Sedang rekan saya, Mas To memesan kopi Enrekang dengan metodeTurkish. Metodenya cukup sederhana, dengan menuangkan air, kopi, dan gula menjadi satu di dalam ibrik (nama alat untuk metode Turkish ini). Kemudian, ibrik dipanaskan diatas kompor. Ketika disajikan, aroma coklat, herbal langsung menyapa. Akan tetapi, ketika saya mencicipi kopi ini, ya.. kecewa karena rasa manis yang sangat dominan jadi tidak bisa merasakan bagaimana karakteristik kopi Enrekang ini.
Mas Har, memesan kopi Gayo dengan metode Aeropress, menurut Mas Indra yakni sebuah metode yang mempunyai jargon espresso maker, yang terdapat dalam kemasan mereka sejak alat ini diciptakan tahun 2005 oleh penemunya Alan Adler, seorang dosen teknik mesin dari Stanford. Kopi yang dihasilkan Aeropress menghasilkan kopi dengan konsentrasi yang pekat. Benar setelah kopi tersebut disajikan, aroma dari kopi Gayo yang cukup kuat langsung menggoda selera saya. Mas Har pun mempersilahkan untuk icip-icip kopi yang ia pesan itu. Saat saya menyesapnya, terasa benar body yang full, pekat, dengan lavor khasnya, spicy dan tanah, langsung menguasai seluruh sudut indera pengecap.
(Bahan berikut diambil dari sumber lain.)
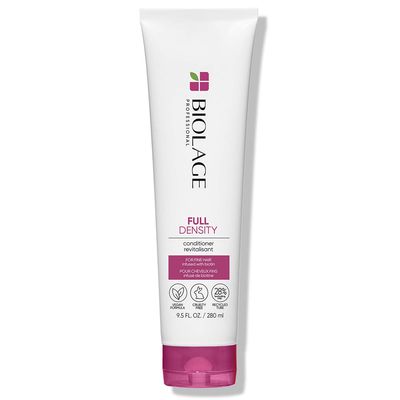 Biolage Full Density Conditioner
Lidah jelek saya cukup akrab dengan kopi Gayo, sehingga kami berkesimpulan, Praketa berhasil menyajikan ‘kejujuran’ dari kopi yang berasal dari Aceh.
Satu lagi rekan, Mas Bud memesan jenis kopi Lintong dari Sumatera yang diseduh dengan menggunakan Moka Pot, menurut Mas Idra alat penyeduh kopi banyak digunakan di rumah tangga Italia. Bahkan, banyak pula yang mengatakan bahwa Moka Pot adalah alat untuk membuat ‘espresso rumahan’ dan rasa kopi yang dihasilkan oleh Moka Pot sangat pekat. Dan ketika pesanan kopi Mas Bud tiba, benar saja kopi Lintong tersebut benar-benar pekat, lebih pekat daripada dengan metode Aeropress sebelumnya. Aroma yang keluar lebih condong ke tanah. Lidah jelek saya pun tak sabar untuk icip-icip. Body kopi Lintong benar-benar full. Flavor-nya cenderung ke tanah dan herbal. Hari pertama kami menemukan ‘kejujuran’ seduhan kopi yang kami pesan.